# Impact of sample size on sample covariance

From the formula of sample covariance, we see

$$\operatorname{Cov}(X,Y) = \frac{1}{m} \sum_{i=1}^m (x_i - \bar{x})(y_i - \bar{y})$$

where $$\bar{x}, \bar{y}$$ are the sample means. It seems like the sample size $$m$$ will have an impact on the final outcome. Is the intuition true?

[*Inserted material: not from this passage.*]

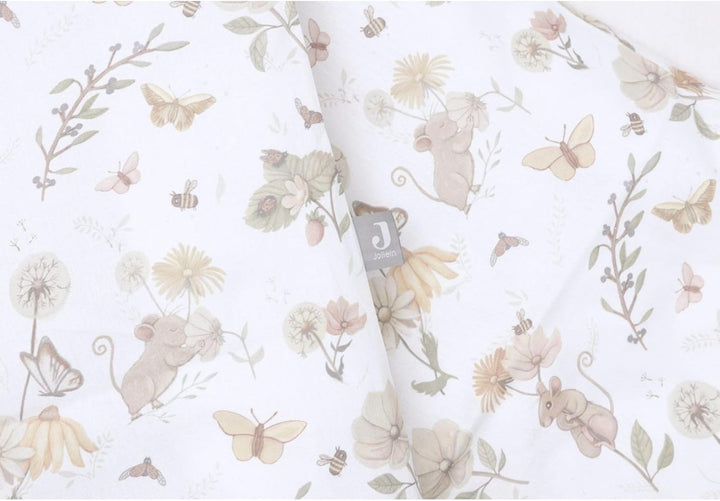 Jollein 003-005-67056 Bettwäsche Dreamy Mouse weiss (100x140 cm + 40x60 cm)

• The more data you have, the better information about their covariance or correlation. Hence what you are seeing. – Bach Feb 11 at 16:49
• It depends on how you take the sample. Assuming it's a simple random sample, then it's the random selection that affects the outcome. Sample size affects it a little because this formula is a biased estimator of the population covariance but is asymptotically unbiased. That means the estimates with smaller samples will be a little low on the average, but the amount of that bias decreases with sample size. But is this what you're trying to get at, or did you mean to write "$1/(m-1)$" for the fraction? – whuber Feb 11 at 20:28
• @whuber, yes this is exactly what I was getting at. I can now see that if it is a random sample, sample size will not impact covariance in a unidirectional way, unless it is a sample size of 1. – lvdp Feb 11 at 20:54
• @Bach : The question appears to assume $(X,Y)$ is uniformly distributed on a finite set. Thus we have a census of the whole population rather than a sample. – Michael Hardy Feb 11 at 21:48
• Would it be correct to call this formula 'population covariance' instead of 'sample covariance', for clarity. – Sergei Rodionov Feb 16 at 16:15

Remember that if you increase the number of data points then you will need actual new data points, so you will have more $$x_i$$ and $$y_i$$ values. This means that the value $$m$$ in your formula will change, but you will also now have additional terms in your sum, so that will change too. So yes, the sample covariance will change as you get more values (except in highly unusual cases) because you are using a different data set.

Assuming that the sequences $$(X_1,Y_1), (X_2,Y_2), (X_3,Y_3), ...$$ are exchangeable, as $$m \rightarrow \infty$$ the sample covariance will converge to the true covariance between the pairs of values. So in this case you will generally expect that as $$m$$ becomes larger the sample covariance will start to become more stable (i.e., change less) and will converge towards a fixed value.

Additional note: It is usual for the sample covariance to be defined with incorporation of Bessel's correction (i.e., using $$m-1$$ in the denominator instead of $$m$$). This is done to ensure that the sample covariance is an unbiased estimator of the true covariance.